== Activity ==
Each record should reappear exactly in your answer, minus any picture.

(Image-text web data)
──────
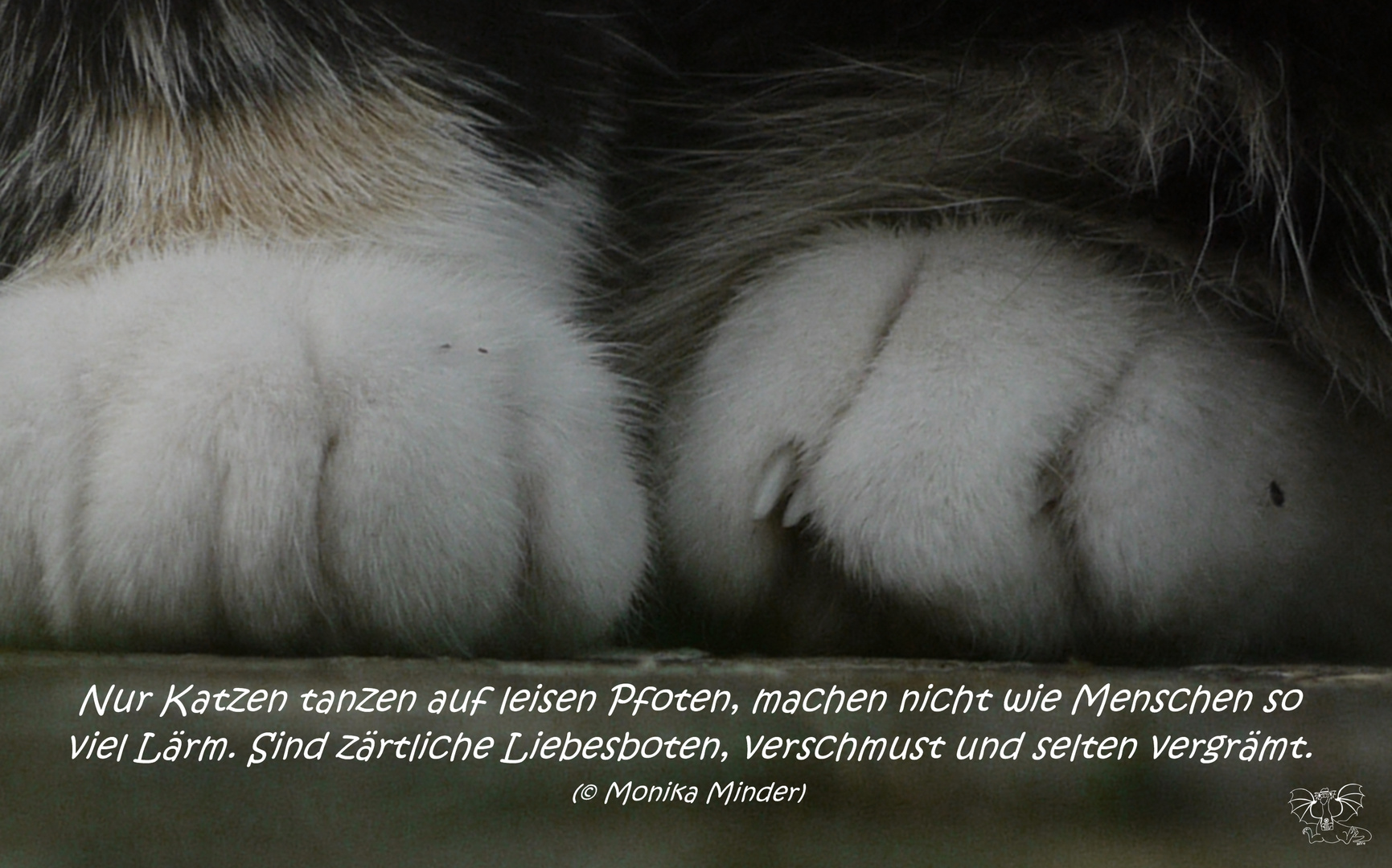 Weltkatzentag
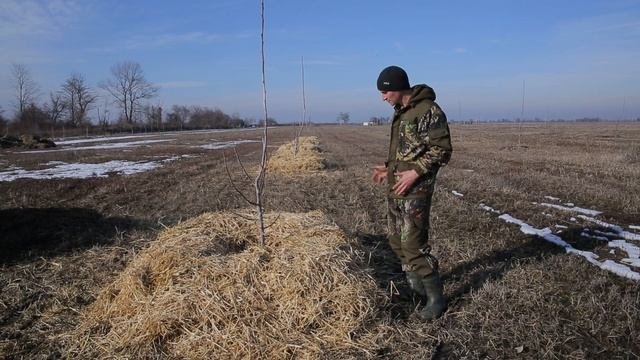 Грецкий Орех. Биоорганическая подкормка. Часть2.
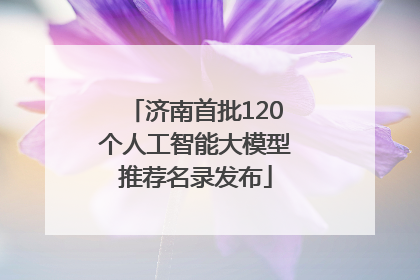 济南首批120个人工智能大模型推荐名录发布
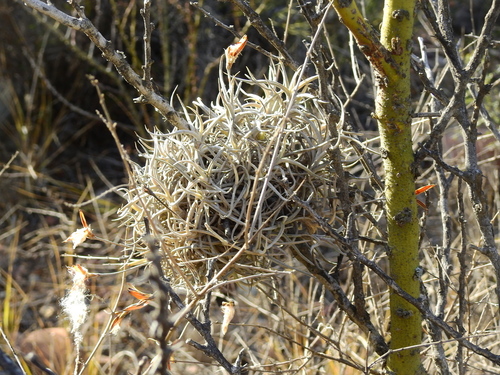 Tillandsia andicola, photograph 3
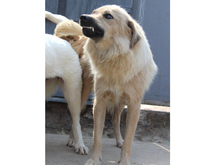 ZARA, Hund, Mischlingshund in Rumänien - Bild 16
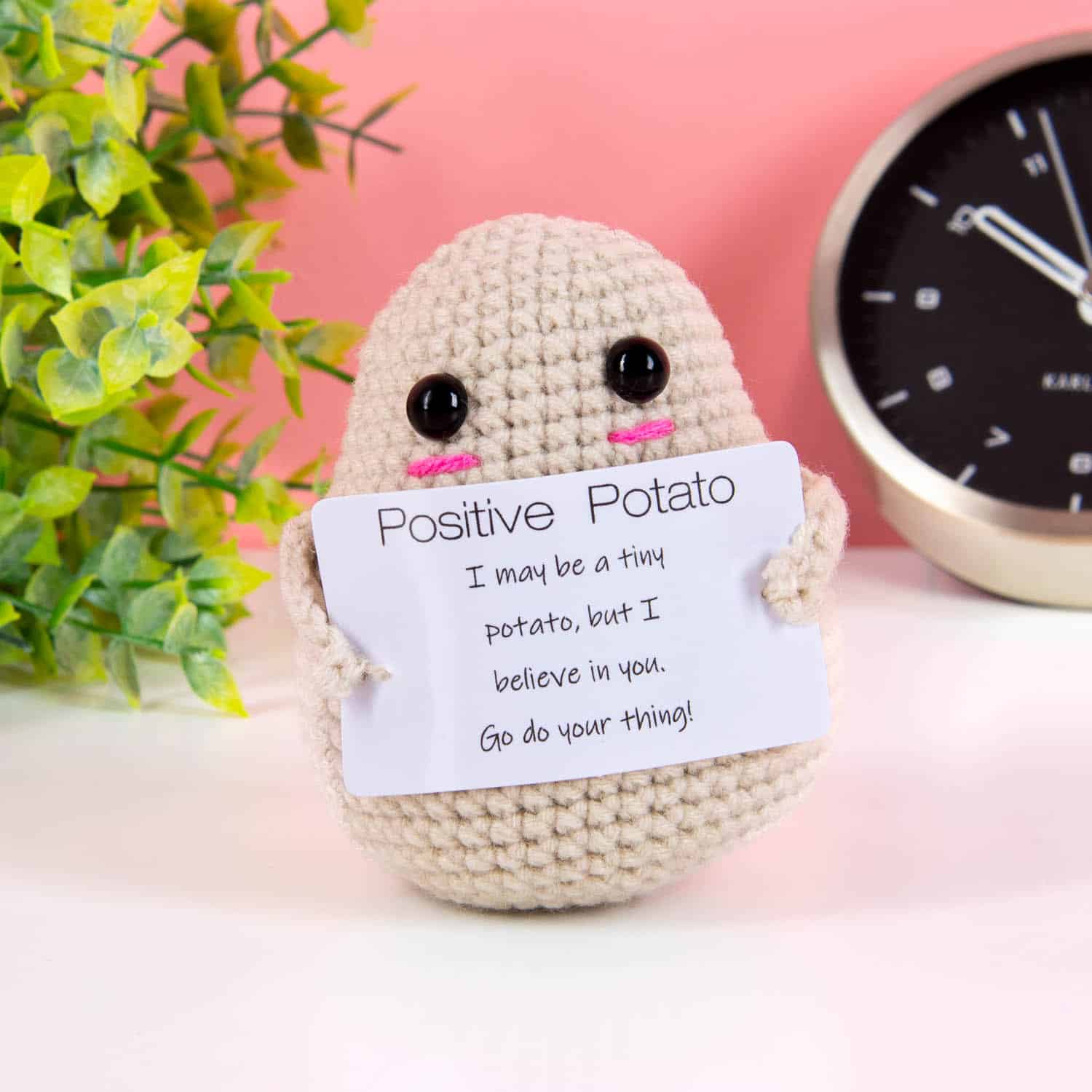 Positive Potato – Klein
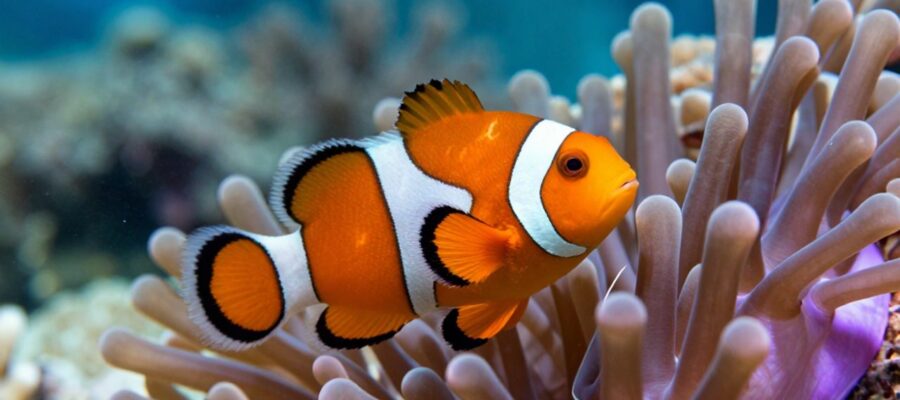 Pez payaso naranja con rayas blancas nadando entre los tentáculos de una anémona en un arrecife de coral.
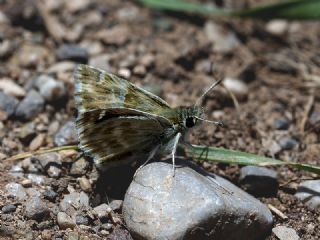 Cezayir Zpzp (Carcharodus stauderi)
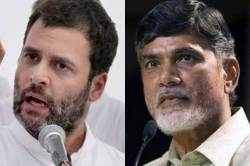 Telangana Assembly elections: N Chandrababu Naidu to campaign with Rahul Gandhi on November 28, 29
──────
== Response below ==
 Weltkatzentag
 Грецкий Орех. Биоорганическая подкормка. Часть2.
 济南首批120个人工智能大模型推荐名录发布
 Tillandsia andicola, photograph 3
 ZARA, Hund, Mischlingshund in Rumänien - Bild 16
 Positive Potato – Klein
 Pez payaso naranja con rayas blancas nadando entre los tentáculos de una anémona en un arrecife de coral.
 Cezayir Zpzp (Carcharodus stauderi)
 Telangana Assembly elections: N Chandrababu Naidu to campaign with Rahul Gandhi on November 28, 29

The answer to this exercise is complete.